EXERCISE INSTRUCTIONS
Copy, from the material below, each line where "with" shows up.

DATA IN THIS EXERCISE
★ ★ ★ ★
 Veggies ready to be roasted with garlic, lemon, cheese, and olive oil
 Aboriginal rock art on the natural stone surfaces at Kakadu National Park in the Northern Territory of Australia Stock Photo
★ ★ ★ ★
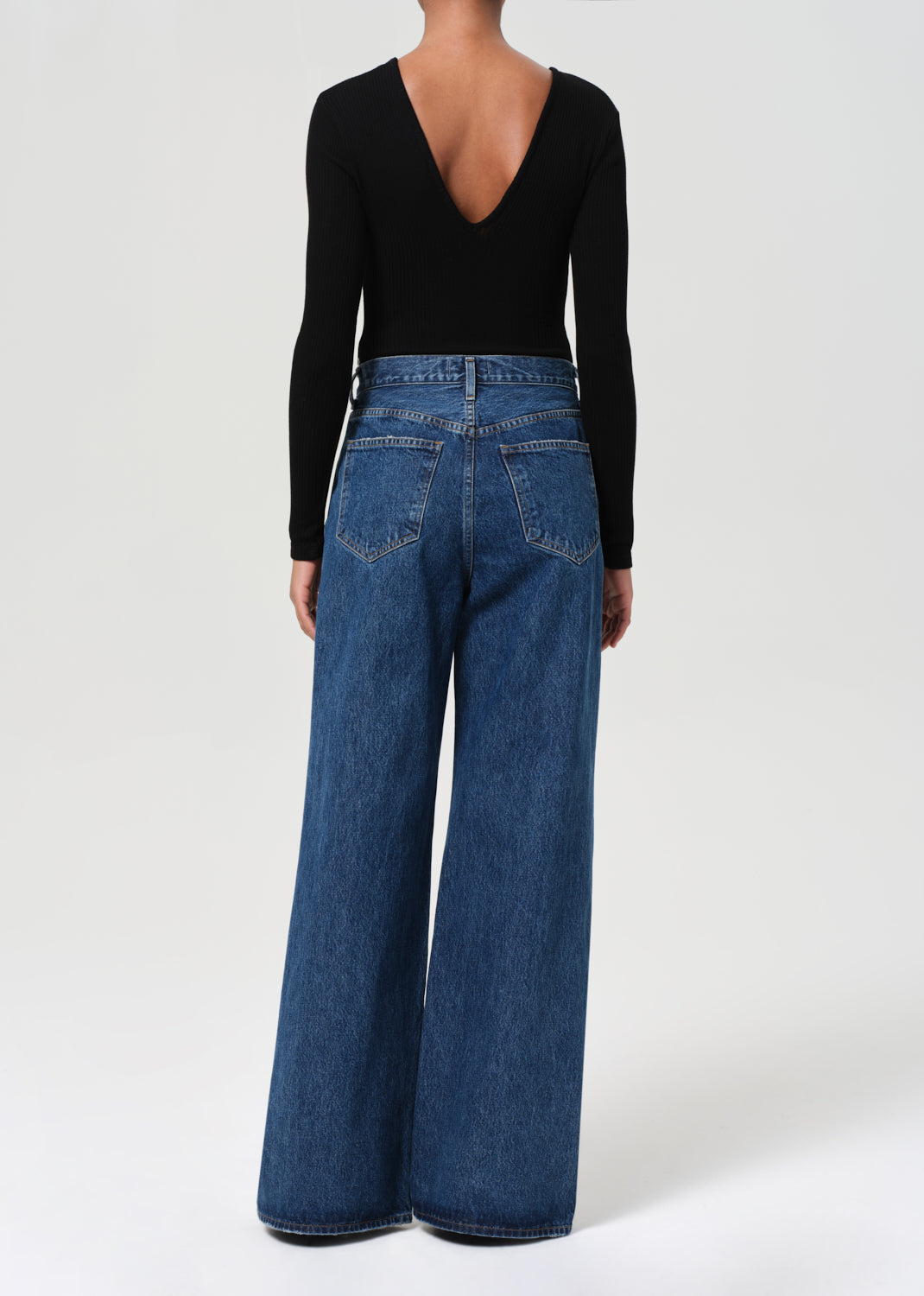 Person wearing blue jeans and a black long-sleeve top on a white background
★ ★ ★ ★
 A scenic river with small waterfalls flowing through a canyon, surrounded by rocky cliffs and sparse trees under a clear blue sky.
★ ★ ★ ★
PROBLEM SOLUTION
 Veggies ready to be roasted with garlic, lemon, cheese, and olive oil
 A scenic river with small waterfalls flowing through a canyon, surrounded by rocky cliffs and sparse trees under a clear blue sky.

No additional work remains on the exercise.